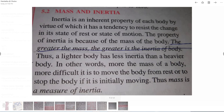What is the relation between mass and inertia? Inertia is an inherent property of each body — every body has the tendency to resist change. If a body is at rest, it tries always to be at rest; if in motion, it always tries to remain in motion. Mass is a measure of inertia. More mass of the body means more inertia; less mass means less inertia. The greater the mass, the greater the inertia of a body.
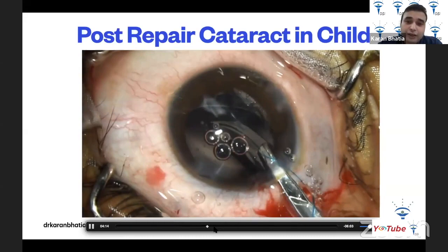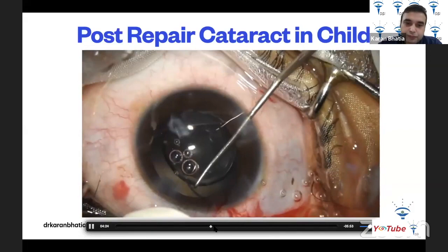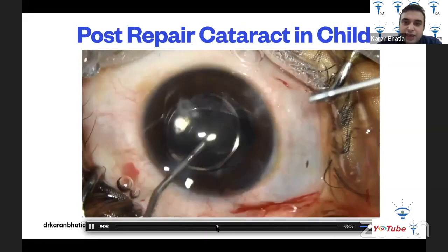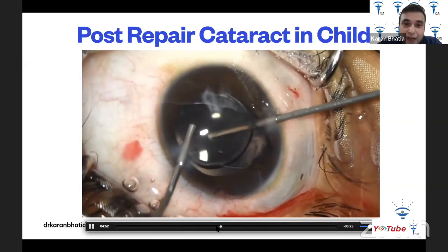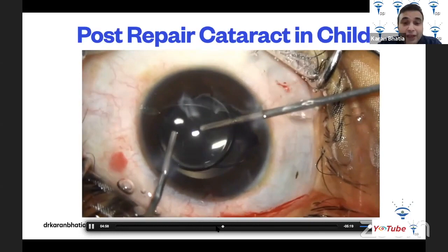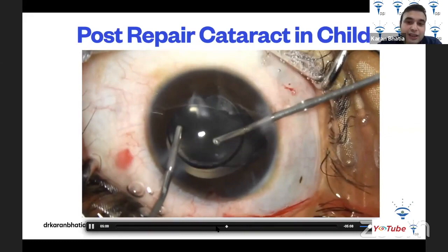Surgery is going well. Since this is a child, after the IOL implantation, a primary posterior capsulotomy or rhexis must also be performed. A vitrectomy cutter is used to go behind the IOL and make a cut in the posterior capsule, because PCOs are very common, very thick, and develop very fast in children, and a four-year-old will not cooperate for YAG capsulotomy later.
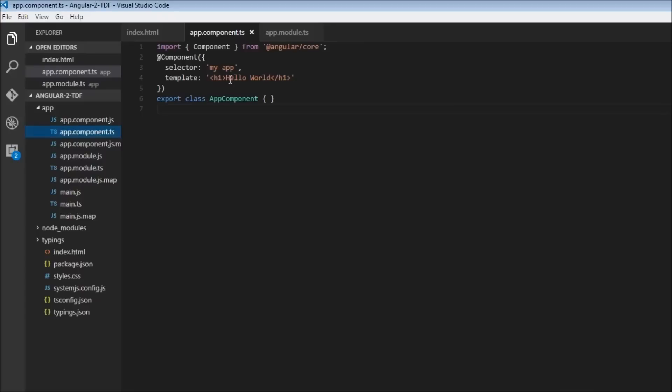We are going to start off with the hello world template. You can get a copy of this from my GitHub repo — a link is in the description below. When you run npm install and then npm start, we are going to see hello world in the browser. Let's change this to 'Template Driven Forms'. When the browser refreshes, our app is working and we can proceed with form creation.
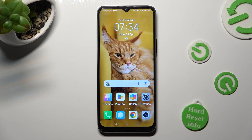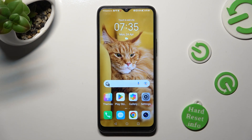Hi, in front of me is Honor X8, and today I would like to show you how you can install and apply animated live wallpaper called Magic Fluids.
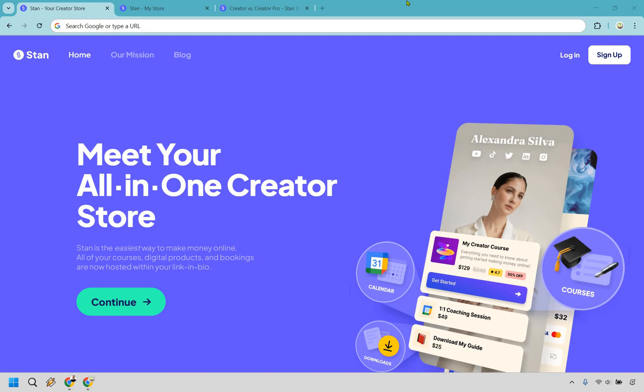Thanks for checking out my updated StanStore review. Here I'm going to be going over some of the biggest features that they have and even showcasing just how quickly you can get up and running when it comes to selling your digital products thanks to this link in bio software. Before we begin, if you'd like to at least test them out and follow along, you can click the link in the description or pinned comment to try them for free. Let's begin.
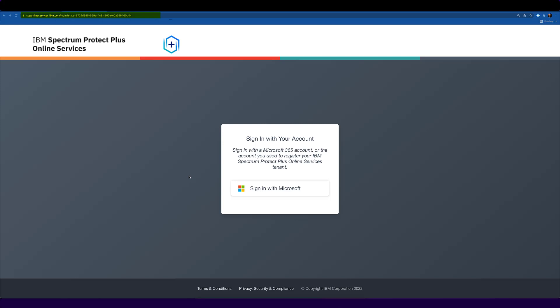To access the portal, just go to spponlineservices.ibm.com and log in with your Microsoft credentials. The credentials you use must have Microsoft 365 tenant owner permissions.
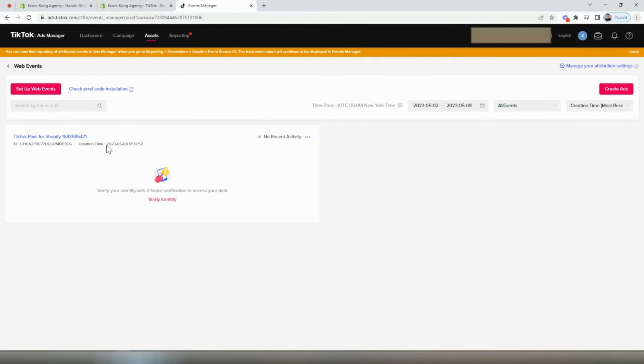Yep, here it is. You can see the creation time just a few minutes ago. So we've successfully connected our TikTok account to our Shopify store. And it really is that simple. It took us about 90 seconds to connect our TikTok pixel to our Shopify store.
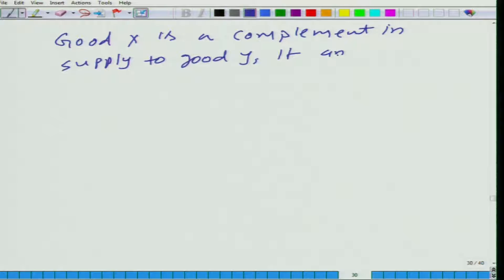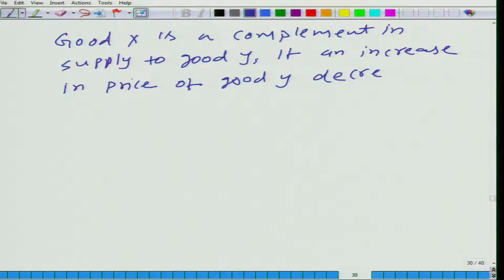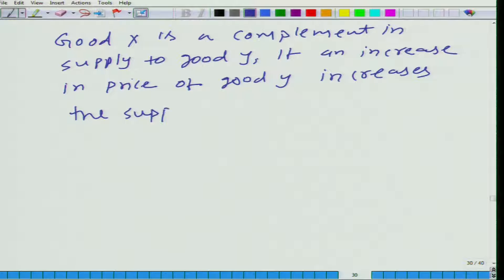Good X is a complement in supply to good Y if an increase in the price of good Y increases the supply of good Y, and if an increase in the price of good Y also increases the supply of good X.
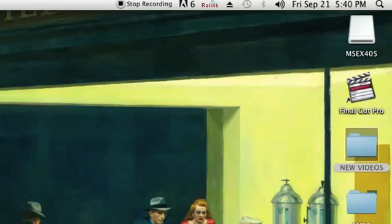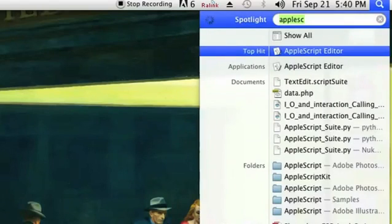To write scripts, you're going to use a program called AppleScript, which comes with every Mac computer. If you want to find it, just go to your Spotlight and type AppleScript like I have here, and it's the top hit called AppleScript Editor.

■ ■ ■ ■ ■

* **Assignment**:
An exact restatement of every record is required. Omit the images.

* **Completed exercise**:
What is the relation between mass and inertia? Inertia is an inherent property of each body — every body has the tendency to resist change. If a body is at rest, it tries always to be at rest; if in motion, it always tries to remain in motion. Mass is a measure of inertia. More mass of the body means more inertia; less mass means less inertia. The greater the mass, the greater the inertia of a body.
Surgery is going well. Since this is a child, after the IOL implantation, a primary posterior capsulotomy or rhexis must also be performed. A vitrectomy cutter is used to go behind the IOL and make a cut in the posterior capsule, because PCOs are very common, very thick, and develop very fast in children, and a four-year-old will not cooperate for YAG capsulotomy later.
We are going to start off with the hello world template. You can get a copy of this from my GitHub repo — a link is in the description below. When you run npm install and then npm start, we are going to see hello world in the browser. Let's change this to 'Template Driven Forms'. When the browser refreshes, our app is working and we can proceed with form creation.
Hi, in front of me is Honor X8, and today I would like to show you how you can install and apply animated live wallpaper called Magic Fluids.
Thanks for checking out my updated StanStore review. Here I'm going to be going over some of the biggest features that they have and even showcasing just how quickly you can get up and running when it comes to selling your digital products thanks to this link in bio software. Before we begin, if you'd like to at least test them out and follow along, you can click the link in the description or pinned comment to try them for free. Let's begin.
To access the portal, just go to spponlineservices.ibm.com and log in with your Microsoft credentials. The credentials you use must have Microsoft 365 tenant owner permissions.
Yep, here it is. You can see the creation time just a few minutes ago. So we've successfully connected our TikTok account to our Shopify store. And it really is that simple. It took us about 90 seconds to connect our TikTok pixel to our Shopify store.
Good X is a complement in supply to good Y if an increase in the price of good Y increases the supply of good Y, and if an increase in the price of good Y also increases the supply of good X.
To write scripts, you're going to use a program called AppleScript, which comes with every Mac computer. If you want to find it, just go to your Spotlight and type AppleScript like I have here, and it's the top hit called AppleScript Editor.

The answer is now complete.